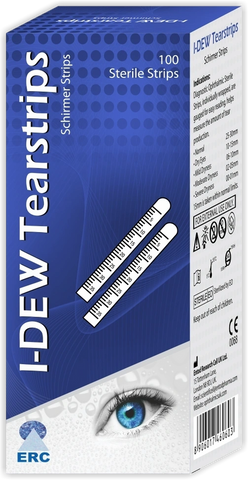 I-DEW Schirmer-Teststeifen 100 Stück 5 Pack. a 100 Stück von Ophthal-Optics – Onlineshop für Augenärzte, Kliniken, Optiker & Händler | Ophthal-Optics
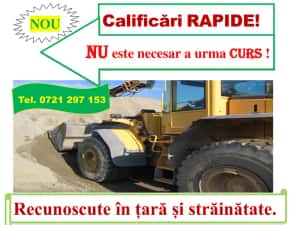 Atestat RAPID buldoexcavatorist mecanic utilaje vola compactor ifron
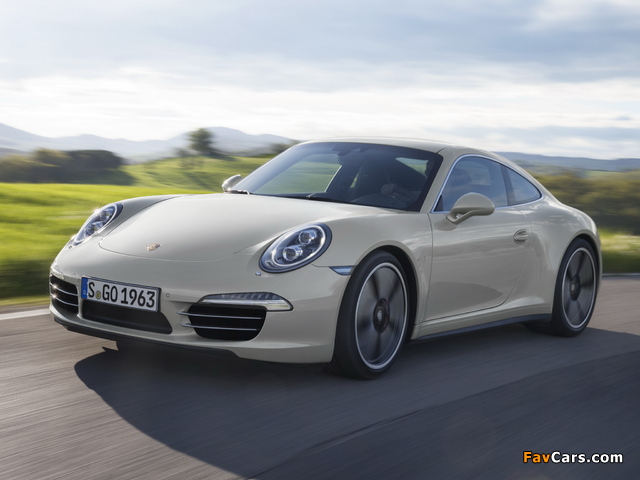 Porsche 911 50 Years Edition (991) 2013 wallpapers (640 x 480)
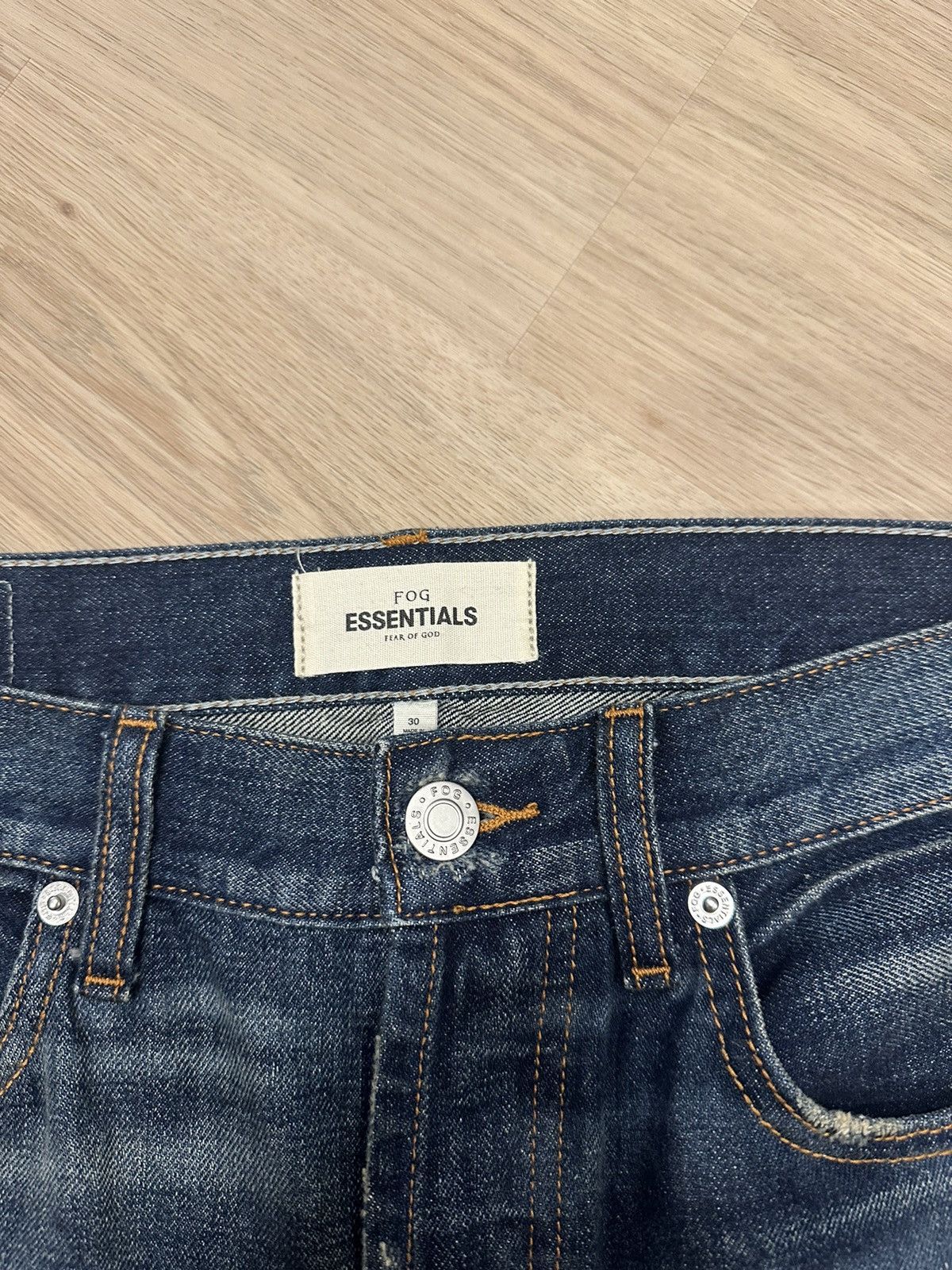Fear of God FOG Pacsun Essentials denim - 30 Size US 30 / EU 46 - 4 Thumbnail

**WHAT THE EXERCISE ASKS**
Write out every line above exactly as it is, leaving out the pictures.

**ANSWER BOX**
 I-DEW Schirmer-Teststeifen 100 Stück 5 Pack. a 100 Stück von Ophthal-Optics – Onlineshop für Augenärzte, Kliniken, Optiker & Händler | Ophthal-Optics
 Atestat RAPID buldoexcavatorist mecanic utilaje vola compactor ifron
 Porsche 911 50 Years Edition (991) 2013 wallpapers (640 x 480)
Fear of God FOG Pacsun Essentials denim - 30 Size US 30 / EU 46 - 4 Thumbnail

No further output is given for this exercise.